La prima bozza delega fiscale da poco approvata in Cdm ha visto la luce nell’autunno dello scorso anno: in un momento cioè in cui la crisi economica ingenerata tra l’altro dallo shock energetico aveva appena iniziato a manifestarsi e in cui ancora non si udivano venti di guerra. Il testo odierno non si discosta molto da quello originario, se non forse per quanto riguarda l’imposta duale; e sebbene sia giusto e opportuno che una delega che ambisce a riformare il sistema fiscale non sia troppo legata alla (caotica) situazione contingente, non ci si può non chiedere se essa sia idonea a riportare ordine e dunque a raggiungere positivi risultati almeno nel medio periodo.

La discussione politica sulla bozza di delega non sempre si è concentrata su aspetti determinanti. Paradigmatico è il caso della riforma del sistema catastale, che si è risolta nell’occultare nella forma – ma non nella sostanza – il riferimento all’adeguamento della rendita ai valori di mercato, fermo restando che, come già originariamente previsto, le nuove rendite non sono utilizzabili per la determinazione di ogni imposizione immobiliare.

Sotto altri aspetti, invece, il dibattito sembra aver diluito la portata innovativa della prima versione, e ciò vale soprattutto per quella che doveva rappresentare la principale innovazione in tema di tassazione delle persone fisiche della riforma tributaria: la tassazione duale. Nella sua versione originaria, l’articolo 2 del disegno di legge delega configurava una razionalizzazione della pletora di regimi sostitutivi di stampo reale che, con formule e aliquote fortemente differenziate, hanno progressivamente eroso il campo di applicazione dell’Irpef, confinandolo, in modo quasi residuale, ai redditi di lavori dipendente e alle pensioni. Prefigurava, in particolare, una netta separazione tra redditi da lavoro, da assoggettare alle (auspicabilmente) rimodulate aliquote progressive Irpef, e redditi da capitale, da assoggettare alla medesima aliquota proporzionale, a prescindere dalla loro fonte, mobiliare o immobiliare, autonoma o combinata (al lavoro, nel reddito d’impresa). Pur stabilizzando la sottrazione all’area della progressività del secondo insieme di redditi, il criterio direttivo considerato aveva l’indubbio merito di mettere ordine in un settore connotato da estrema frammentazione e disorganicità, e perciò costituiva un apprezzabile avanzamento sull’esistente.

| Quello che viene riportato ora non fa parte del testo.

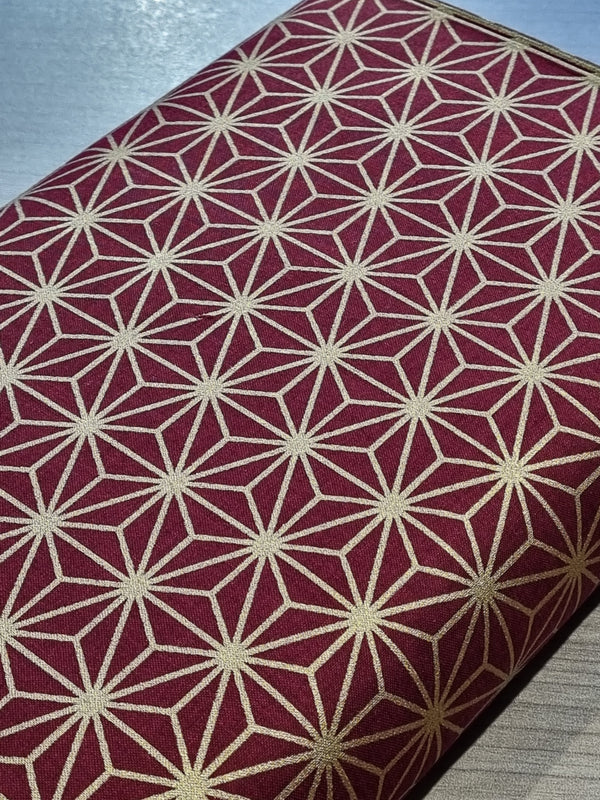 Tissu asanoha dorés sur fond rouge foncé/bordeaux (prix pour 10cm)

La recente riformulazione di detta disposizione sfuma alquanto questo programma, privandolo di buona parte della sua carica innovativa. Confermato il regime di flat tax per le partite Iva, l’intervento adesso previsto si risolve in una progressiva revisione della disciplina dei redditi derivanti dall’impiego dei capitali. Nella prospettiva di incrementare il suo tasso di neutralità fiscale, è vero, ma con il vincolo di preservare la distinzione tra redditi di capitale di fonte mobiliare e redditi di capitale di fonte immobiliare. In questa nuova veste, l’articolo 2 ripropone dunque quella parcellizzazione dei prelievi sostitutivi che la versione originaria mirava a superare, tornando, di riflesso, a delineare assetti connotati da disparità di trattamento di cui è davvero difficile predicare la compatibilità con i principi di uguaglianza e capacità contributiva di cui agli articoli 3 e 53 della Costituzione.

Vi sono poi aspetti rilevanti, impliciti nella formulazione della delega, che invece sembrano essere passati sotto silenzio, ed in primis quello dell’impatto sulla fiscalità locale, ovvero sul (ormai dimenticato?) federalismo fiscale. Da una parte, l’esclusione della valenza fiscale del riordino delle rendite mantiene nella illusorietà il principio di contribuzione ai Comuni in funzione dei benefici effettivamente ricevuti dai contribuenti; dall’altro, il (pur opportuno) ulteriore superamento dell’Irap comporta la crescente necessità di sopperire mediante trasferimenti statali, e non più mediante tributi propri, al finanziamento delle Regioni; ed ancora, la sostituzione delle addizionali regionali e comunali all’Irpef con sovraimposte ha il dichiarato fine di ridurre lo spazio di manovra fiscale degli enti territoriali, riportando allo Stato le scelte in ordine alla progressività dell’imposizione.